Source code for Lucasfilm Games' '80s MMO Habitat released

After years of effort, the source code of the first graphical MMO from Lucasfilm Games has been restored and uploaded on Github.

Before LucasArts, and well before the MMO online boom of the 2000s, Lucasfilm Games released Habitat, the first graphical massively multiplayer online RPG, in 1986. Habitat was only live for a few years, but its interface and advancements in player interactions paved the way for later MMORPG design. 

If you wanted to play Habitat however, you were out of luck. After Lucasfilm Games shut down the servers in 1988, it was briefly licensed to Fujitsu before vanishing in to the mists of game history—until now. 

After working on restoration for two years, the Museum of Digital Art and Entertainment (MADE) has uploaded the source code for Habitat onto Github, making it available to historians and developers curious about the history of online gaming. 

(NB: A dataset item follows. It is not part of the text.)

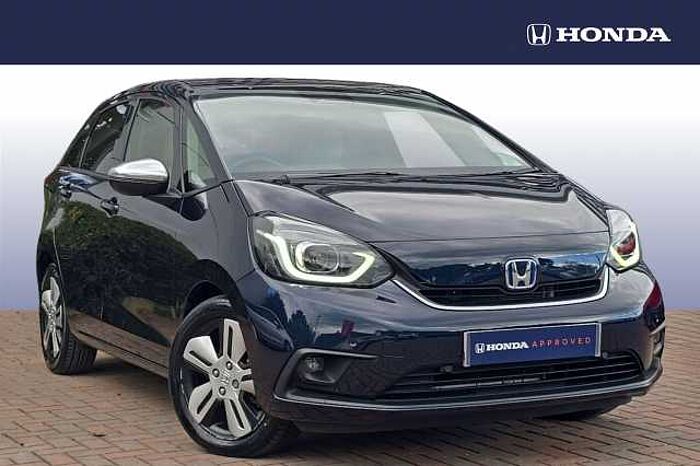 Honda Jazz Hybrid 1.5 i-MMD Hybrid EX 5dr eCVT 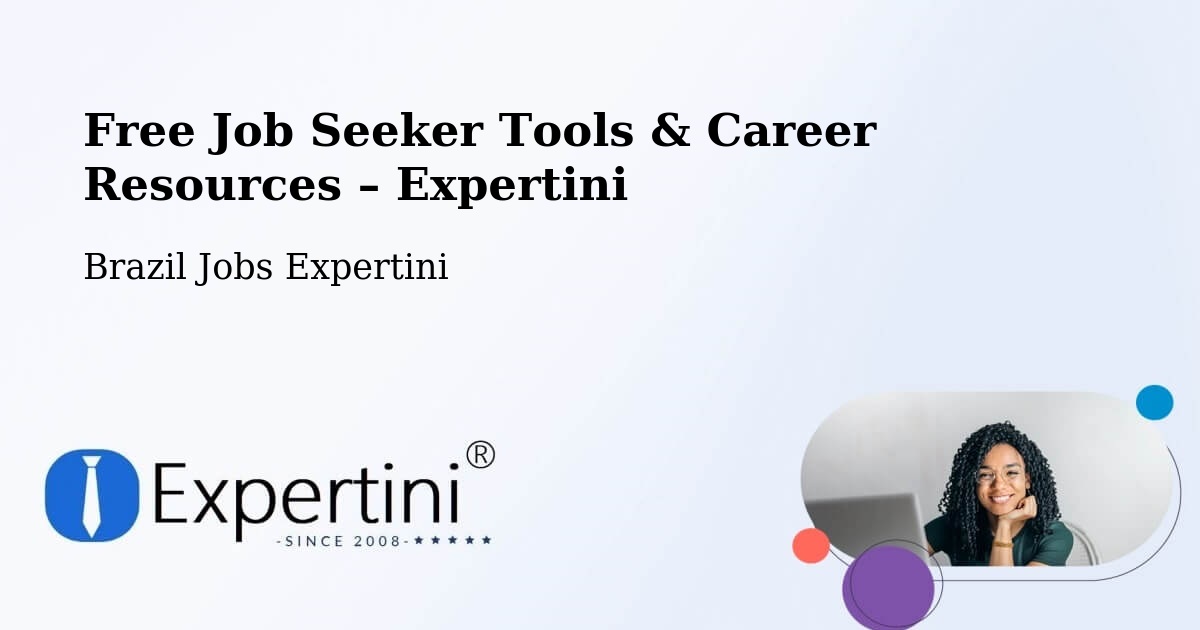 Free Job Seeker Tools & Career Resources – Barra Do Corda - Barra Do Corda, Brazil Jobs Expertini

In a post on the MADE’s website, founder and director Alex Handy writes that the project is a culmination of nearly three years’ worth of work that began in late 2013, when original coders Chip Morningstar and Randy Farmer sent over the Habitat source code to be presented in association with GDC 2014. 

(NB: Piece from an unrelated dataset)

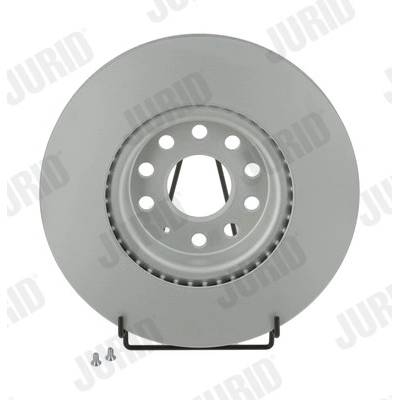 Brzdový kotúč JURID 562387JC-1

After the 2014 presentation, Handy says the museum felt obligated to put in greater effort at preserving Habitat’s code for future generations to study and experience. Handy and his fellow preservationists reached out to Morningstar, Farmer, and beyond to recover as much source code as possible. 

They even reached out to Fujitsu, where a lawyer who oversaw the transfer of technology during the licensing effort in the 1980s was still around to help them recover some parts of the code. 

After months of work, and one long hackathon hosted in September of 2014, Habitat’s source code is now available on Github. 

Handy says that the project still has two major goals left. First, to get the game running on Linux servers, and second, to recover any original code libraries from AOL, who hosted the original Habitat servers when the company was still known as Quantum Link. 

But even with these challenges still ahead of them, the museum’s success in making Habitat’s code open source is a major milestone for games history. “A hearty thanks goes out to everyone who helped on this project,” writes Hardy. “A great many people worked very hard to make this happen, and they did it all out of love for the game.”